The biggest difference to most standard NLP training codebases is that Atlas performs retrieval on-the-fly, and can refresh its retrieval embeddings index in-place.
This is achieved using a custom-designed distributed GPU index, which automatically handles fast and scale-able retrieval.
 
**A note on how retrieval is accomplished:** 
When launching a training or evaluation run, the codebase will first load pretrained models, then each GPU worker will load a shard of the supplied passages to retrieve from -- if there are N GPUs, each will load a shard of 1/N passages. 
Each worker will then embed its shard of the passages using the retriever embedder, and keep the passage embedding shard in GPU memory (and optionally build a FAISS index).
At this point, the passage and embedding shards (referred to as "the index") can be optionally saved to disk to avoid the need to recompute indices for every run. 
Retrieval is performed in parallel, with each GPU worker performing an exact maximum inner product search for all the queries for its shard. 
More details on retrieval are given in the [Retrieval and Index Details](#retrieval-and-index-details) section.
*Note that all of the above is all handled automatically by the codebase*, so users should not need to know or worry too much about how embedding, index refresh or retrieval is accomplished, other than 
1) noting that they can easily retrieve from any set of passages that they like by just passing in paths to suitably-formatted passages on disk (or any saved index) 
2) noting that embedding, index refresh retrieving will get faster with more GPU workers.
3) Depending on how many GPUs and CPU memory is available, Atlas can support training models with 11B+ parameters and indices of 400M+ vectors, or ~40 billion words (assuming ~100 words a passage)
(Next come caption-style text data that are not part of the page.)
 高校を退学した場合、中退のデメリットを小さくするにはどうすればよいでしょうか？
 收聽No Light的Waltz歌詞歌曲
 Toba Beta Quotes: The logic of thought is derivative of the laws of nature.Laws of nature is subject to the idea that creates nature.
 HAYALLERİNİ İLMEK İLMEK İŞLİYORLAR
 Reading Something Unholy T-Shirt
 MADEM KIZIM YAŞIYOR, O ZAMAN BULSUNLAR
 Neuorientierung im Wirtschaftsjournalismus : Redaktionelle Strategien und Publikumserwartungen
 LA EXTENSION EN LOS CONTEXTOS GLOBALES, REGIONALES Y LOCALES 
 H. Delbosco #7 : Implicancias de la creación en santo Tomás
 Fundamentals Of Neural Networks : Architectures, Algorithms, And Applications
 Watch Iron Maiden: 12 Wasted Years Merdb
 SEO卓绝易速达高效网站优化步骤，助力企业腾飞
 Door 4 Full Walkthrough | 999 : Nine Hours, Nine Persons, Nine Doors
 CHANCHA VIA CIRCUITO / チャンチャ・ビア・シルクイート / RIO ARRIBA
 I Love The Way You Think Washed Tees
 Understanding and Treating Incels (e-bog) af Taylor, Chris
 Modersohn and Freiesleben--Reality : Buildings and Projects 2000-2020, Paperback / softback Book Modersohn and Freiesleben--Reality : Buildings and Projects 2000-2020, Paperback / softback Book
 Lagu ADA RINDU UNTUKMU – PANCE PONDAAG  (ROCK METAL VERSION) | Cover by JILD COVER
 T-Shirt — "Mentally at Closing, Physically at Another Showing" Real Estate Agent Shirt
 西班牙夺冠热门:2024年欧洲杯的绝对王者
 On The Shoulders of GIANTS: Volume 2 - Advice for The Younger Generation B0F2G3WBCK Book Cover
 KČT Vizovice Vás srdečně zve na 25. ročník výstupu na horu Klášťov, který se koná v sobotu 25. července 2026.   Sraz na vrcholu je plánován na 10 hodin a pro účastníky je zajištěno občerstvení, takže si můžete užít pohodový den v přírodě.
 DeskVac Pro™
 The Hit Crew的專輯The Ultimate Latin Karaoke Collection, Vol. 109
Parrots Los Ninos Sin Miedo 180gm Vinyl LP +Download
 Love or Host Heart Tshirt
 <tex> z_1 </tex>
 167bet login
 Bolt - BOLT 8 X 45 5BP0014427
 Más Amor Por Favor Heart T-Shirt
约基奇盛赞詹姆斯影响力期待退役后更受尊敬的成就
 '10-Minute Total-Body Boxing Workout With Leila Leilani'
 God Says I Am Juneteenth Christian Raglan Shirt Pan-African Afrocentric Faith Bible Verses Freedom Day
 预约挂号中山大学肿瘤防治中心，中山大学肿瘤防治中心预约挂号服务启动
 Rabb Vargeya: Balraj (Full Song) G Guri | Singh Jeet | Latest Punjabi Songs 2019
Training and Evaluation uses a data-parallel model: for N GPU workers, each processes 1/N of the total mini-batch of data. To save memory at training time, optimizer state and gradients can be sharded using fairscale's ShardedDataParallel. 

All data files (retriever passages and train/dev/test data) should be supplied in the form of [jsonlines](https://jsonlines.org/) ("jsonl") files.
Passages to retrieve from should consist of json-serialized objects with `text` and `title` text fields, one passage per line.
Example passage files are available for wikipedia (see [corpora](#corpora)).
Train/dev/test data files should be json-serialized objects, one instance per line. The name of the fields is task dependent (covered in detail in [Tasks](#tasks)), but e.g. for NaturalQuestions, the required fields are `question` (a question string) and `answers` (a list of reference answer strings)

The codebase has two entrypoint scripts: `train.py` for training, and `evaluate.py` for test-time evaluation (and [stand-alone retrieval](#retriever-only-mode), if you want).
You can list the full Atlas functionality by printing the command-line flags using `python train.py -h` (full output [here](#full-list-of-command-line-flags))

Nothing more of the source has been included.